Human Origins - What Makes Us Human?


Human Origins - What Makes Us Human?

The study of the human species poses a unique problem, which is that the researchers are also the object of the study. Because of this, human attempts at self-explanation has lack in objectivity over the years. For instance, the Greek philosopher Aristotle said that all life was arranged according to a fixed hierarchy, but not surprisingly he then put humans at the top of the order. However, despite all these difficulties, the search to understand who we are and where we come from is indeed a worthwhile quest.

What makes us human and other primates not? Very little. According to the genetic code of our DNA, humans and their closets relative, chimpanzees, are 98% identical. Despite this, it is not difficult to tell a human from a chimpanzee. We have large brains for our body size, something which has been linked to higher intelligence relative to human ancestors and other primates, and we also walk on to legs, which is known as bipedalism.

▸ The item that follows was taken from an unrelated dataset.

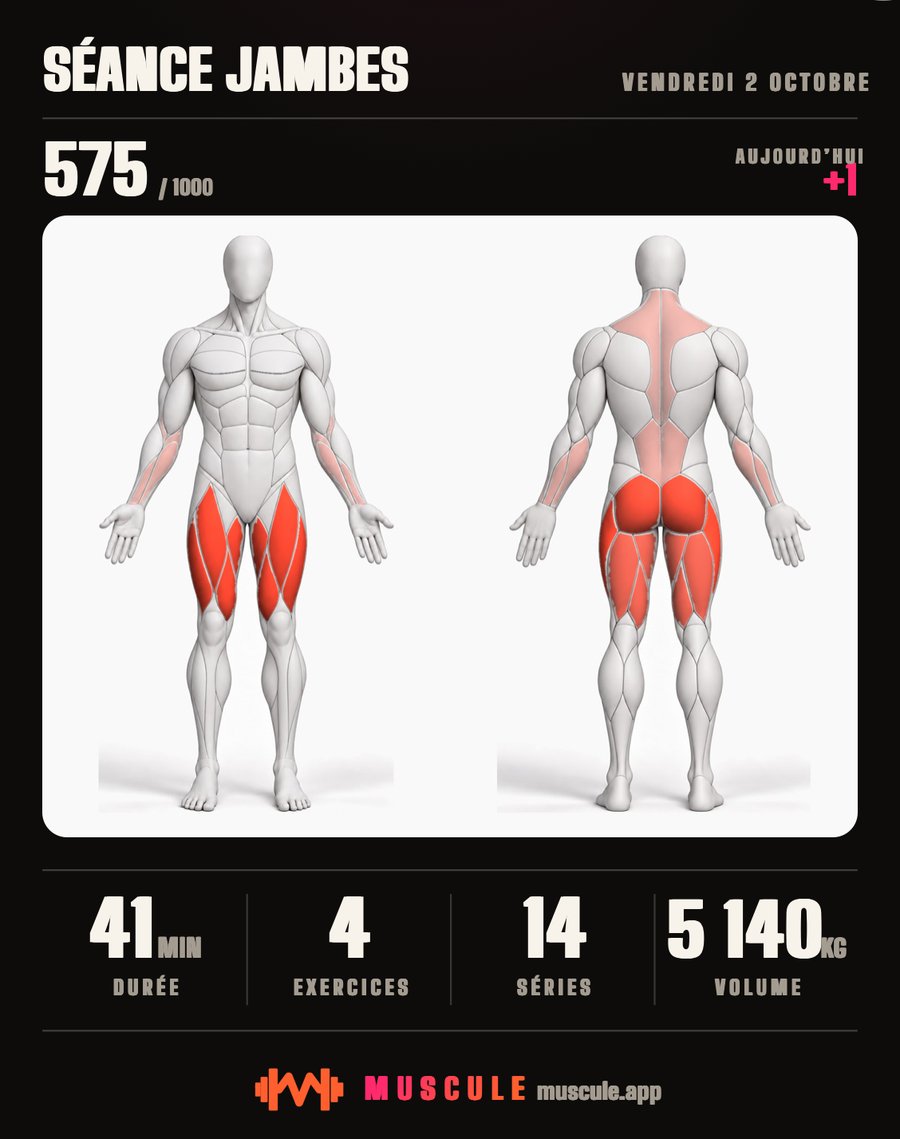 La même séance jambes sur le corps d'un homme : les cuisses et les fessiers en rouge foncé.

Chimpanzees on the other hand have a specialized way of walking on four legs, also known as knuckle-walking.

Taking another approach, some scientists have reasoned that it is our special cognitive skills what makes us human, such as to make tools and use them, or our capacity for abstraction which has made things like art, music and language possible. These high level cognitive skills may not be as unique to humans as they appear though. Chimpanzees have been observed using rocks to crack open nuts and leaves as a sponge to drink water from a shallow pool. Studies have also shown that American sign language can be taught to apes in captivity, thereby proving that nonhuman primates can learn a symbolic/abstract language.

Despite Aristotle's interpretation, it is clear that humans are part of a large biological spectrum, which makes it difficult for researchers to single out our particular species. That doesn't stop them from trying however. Finding the answer to the question What makes us human? is something many professionals, especially paleoanthropologists, geneticists and archaeologists, have dedicated their careers to. Most of them begin looking back into our evolutionary past.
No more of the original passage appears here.